Федулов на это только головой кивнул: «Хитри, мол, „не упомню“! Знаем мы тебя!» И горбун удалился в самый темный уголок своей лавчонки. Разобрав целую груду книг на нижней полке, которая плотно примыкала к самому полу, он осторожно стал выдвигать ее. Эта полка, имевшая особенное, потайное назначение, подавалась у него взад и вперед на двух желобках, незаметных для постороннего глаза. Выдвинув ее, старик приподнял приходившуюся в том самом месте часть половицы и очутился перед своими тайными и в высшей степени интересными сокровищами. Тут были у него и масонские, и раскольничьи книги, и рукописи беспоповщинские, и книжки зело нескромного свойства, и, вместе со старопечатными, древними, запрещенные политические издания. Все это хранилось под половицей, в особого рода деревянном футляре или ящике, и все это – увы! – сделалось жертвой толкучего пожара шестьдесят второго года.

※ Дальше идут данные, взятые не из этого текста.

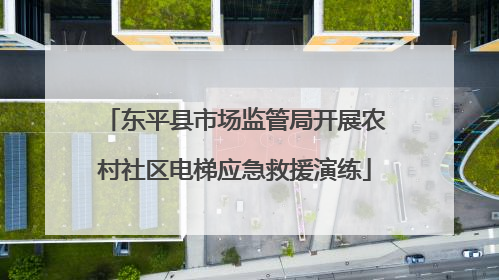 东平县市场监管局开展农村社区电梯应急救援演练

Старик, слышно, не пережил своего несчастия и тоже отправился к праотцам, унеся с собою необычайную любовь к книгам и громадную библиографическую память.
Отыскав, что требовалось, он тем же порядком замаскировал свой тайник и мигнул Федулову:
– Это, что ли?
– Во, во, во!.. Оно самое! Давай его сюда!..

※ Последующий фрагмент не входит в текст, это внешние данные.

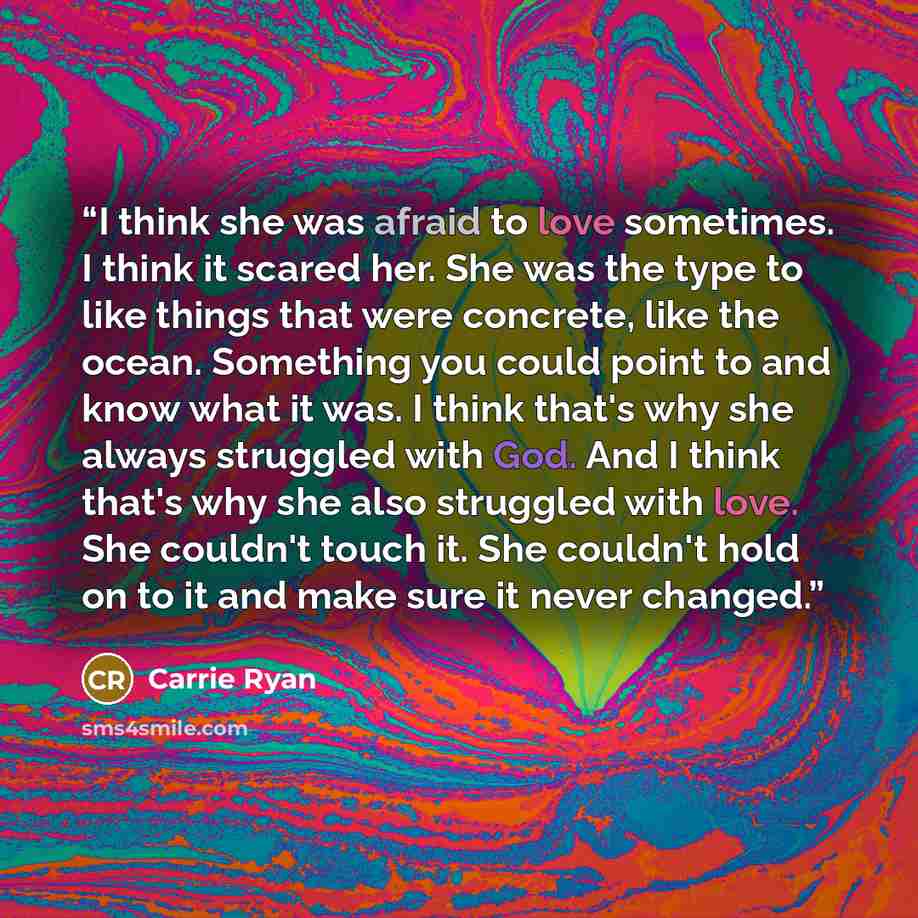 “I think she was afraid to love sometimes. I think it scared her. She was the type to like things that were concrete, like the ocean. Something you could point to and know what it was. I think that's why she always struggled with God. And I think that's why she also struggled with love. She…” quote by Carrie Ryan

– Тс… хорони половчее, молокосос!..
– Не вам, хрычам, учить нашего брата!.. Ладно, этак-то теперь не заприметить.
– Добро, проходите отсель поскорее! Нечего вам тут задаром рассиживать!.. Купил товар – и уходи своею дорогою… Да слышь, – прибавил он озабоченно и торопливо, – коли попутает луканька, что в недобрый час попадетесь вы с этим добром, – я не продавал, и вы у меня не покупали, и знать я ничего не знаю. Слышишь?
– Это уж вестимое дело! Прощай, брат дедушка!

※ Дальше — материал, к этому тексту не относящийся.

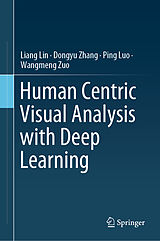 Livre Relié Human Centric Visual Analysis with Deep Learning de Liang Lin, Wangmeng Zuo, Ping Luo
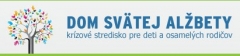 Dom svätej Alžbety, krízové stredisko pre deti a osamelých rodičov, n.o.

– Ну, то-то… Проваливай, внучек!
И, спровадив своих покупателей, старик снова напялил очки и снова принялся за конфесьон сенсер, только что приобретенную им от какого-то гимназиста.
Иван Иванович долго еще бродил по Толкучему рынку, заходил во множество лавчонок, справляясь, не имеется ли где литографского камня, и наконец, к немалому своему удовольствию, отыскал и его, между всяческим сбродом и хламом, рядом с бюстом Каратыгина и заплесневелой полуаршинной пушкой.
Пока генеральша фон Шпильце сообщала Сашеньке-матушке инструкции для Ивана Ивановича Зеленькова и пока тот приводил их в исполнение, Полиевкт Харлампиевич не дремал и усердно работал над дальнейшими деталями своего обширного плана. Теперь уже он непрестанно памятовал, что дело зашло слишком далеко, особенно после убийства дворника Селифана, что буде мало-мальски успокоишься и сядешь сложа руки, то дамоклов меч того и гляди упадет ему на голову, да и не ему одному, а пойдет скакать, что называется, по всем по трем, не минуя ни Амалии Потаповны, ни Шадурского, ни Пройди-света, ни акушерки и всех прочих прикосновенных к делу лиц.